Bismillaahir Rahmaanir Raheem
I’ve been keeping my eye out for tapeless (e.g., hard drive or flash memory instead of tapes) HD camcorders for a while, because of the obvious flexibility of being able to transfer the recorded video directly rather than “recording” it via IEEE 1394 (i.e., “FireWwire”) – while an IEEE 1394 link is definitely fast, any tape-based camcorder usually only transfers the video at regular playing speeds by actually playing the video.
Having said that, here are a few that have caught my eye:
- http://www.bhphotovideo.com/c/product/519149-REG/Sanyo_VPC_HD1000BK_Xacti_HD1000_HD_Camcorder.html
- http://www.bhphotovideo.com/c/product/521864-REG/Panasonic_HDC_SD5BNDL_HDC_SD5_AVCHD_Digital_Camcorder.html
- http://www.bhphotovideo.com/c/product/539291-REG/Canon_2708B001_VIXIA_HF_100_AVCHD_Flash.html
- http://www.bhphotovideo.com/c/product/537788-REG/JVC_GZ_HD5_GZ_HD5_60GB_HD_Everio.html
- http://www.bhphotovideo.com/c/product/537789-REG/JVC_GZ_HD6_GZ_HD6_120GB_HD_Everio.html
The important issue, of course, is how easy is it to work with the video once it’s recorded.
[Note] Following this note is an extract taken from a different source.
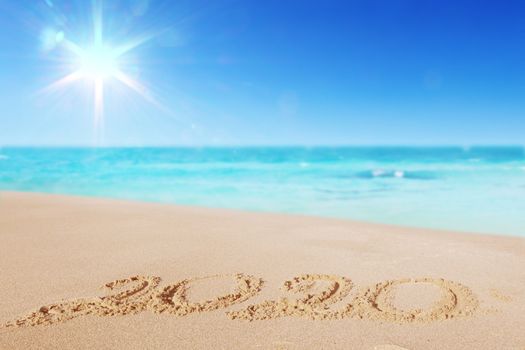 Happy New Year 2020, lettering on the beach. Numbers 2020 year on the sea shore, message handwritten in the golden sand on beautiful beach background. New Years concept.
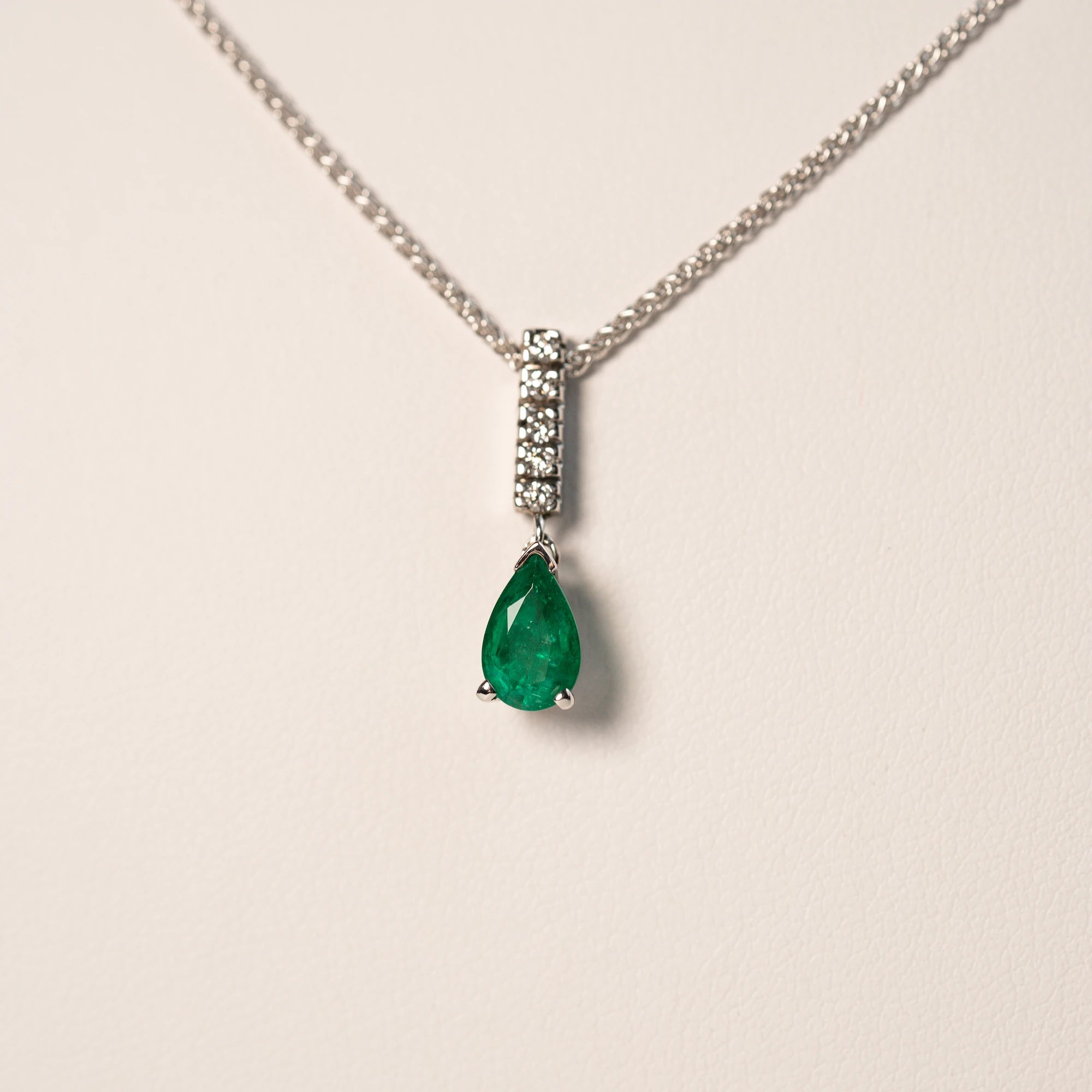 Makroaufnahme des Anhängers, bestehend aus einem Diamant-Steg und einem kräftigen, grünem Smaragd im Tropfenschliff aus der Schmuckatelier Lang Collection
Most of the video formats are MPEG-4-based, usually the controversial AVCHD. There are some advantages & disadvantages, of course, but ffmpeg really helps with most of the issues. I’ve been playing a lot with it (ffmpeg) this past week, and the sheer flexibility of it is astounding. I think the woes of multimedia flexibility under free operating systems is slowly going away, as even the GUI applications (avidemux, PiTiVi, Kino, etc.) are at a level of refinement I wouldn’t have expected.
Naturally, I am loath to use nonfree versus free solutions, so I am pleased to let you know that there are many free software codecs available through ffmpeg – that is the topic for another article, perhaps.
Obviously, there’s still a lot of work to be done, but I’m really excited to dive into open-source content creation!
Updated with relevant linking and a few spelling fixes.